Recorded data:
--------------------------------

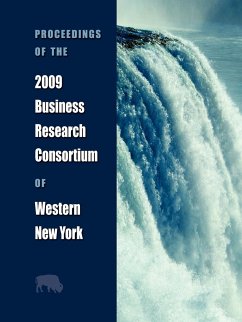 Proceedings of the 2009 Business Research Consortium of Western New York - Business Research Consortium of Wny, Res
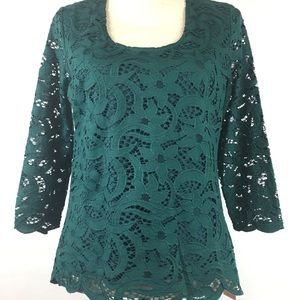 nanette Career laced Top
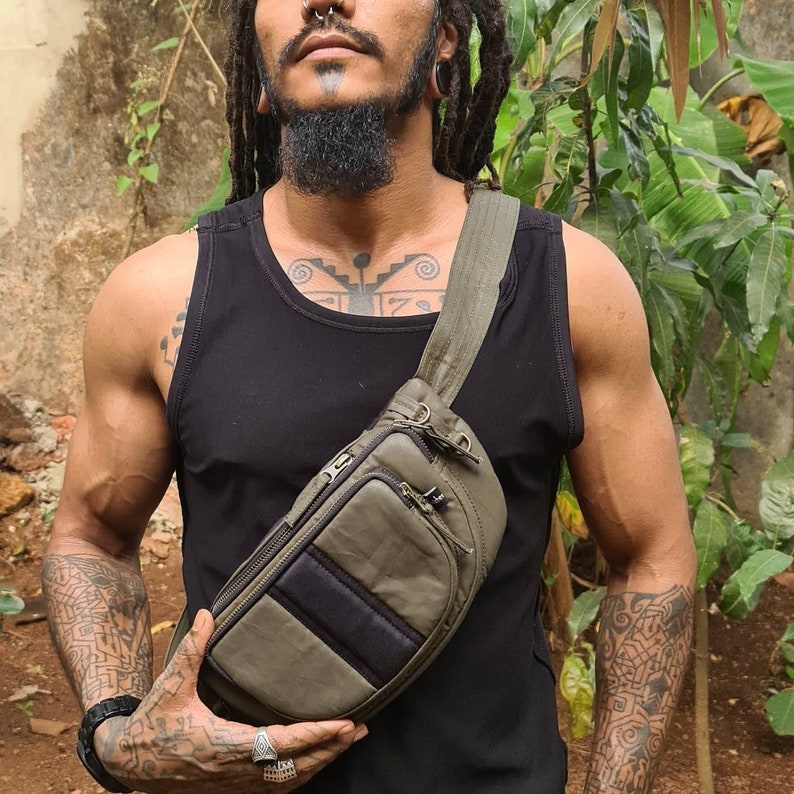 Cobra Cotton Holsters Utility Pouch Hip Pouch Festival Etsy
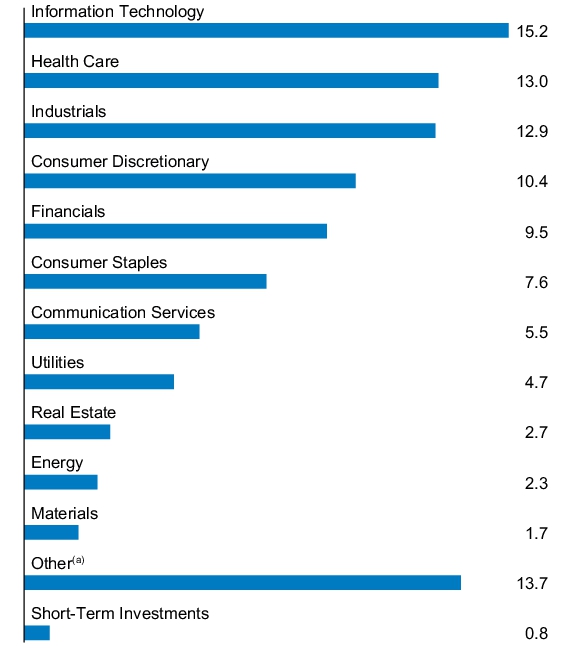 Graphical Representation - Allocation 1 Chart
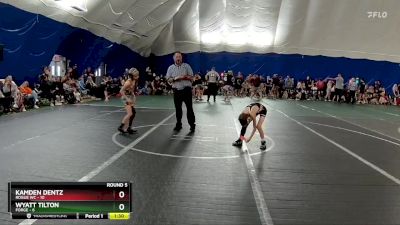 60 lbs Round 5 (6 Team) - Kamden Dentz, Rogue WC vs Wyatt Tilton, FORGE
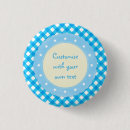 Search for on light blue badges Cute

--------------------------------

● TASK TO COMPLETE: Transcribe each line above exactly, pictures excluded.

● THE ANSWER:
 Proceedings of the 2009 Business Research Consortium of Western New York - Business Research Consortium of Wny, Res
 nanette Career laced Top
 Cobra Cotton Holsters Utility Pouch Hip Pouch Festival Etsy
 Graphical Representation - Allocation 1 Chart
 60 lbs Round 5 (6 Team) - Kamden Dentz, Rogue WC vs Wyatt Tilton, FORGE
 Search for on light blue badges Cute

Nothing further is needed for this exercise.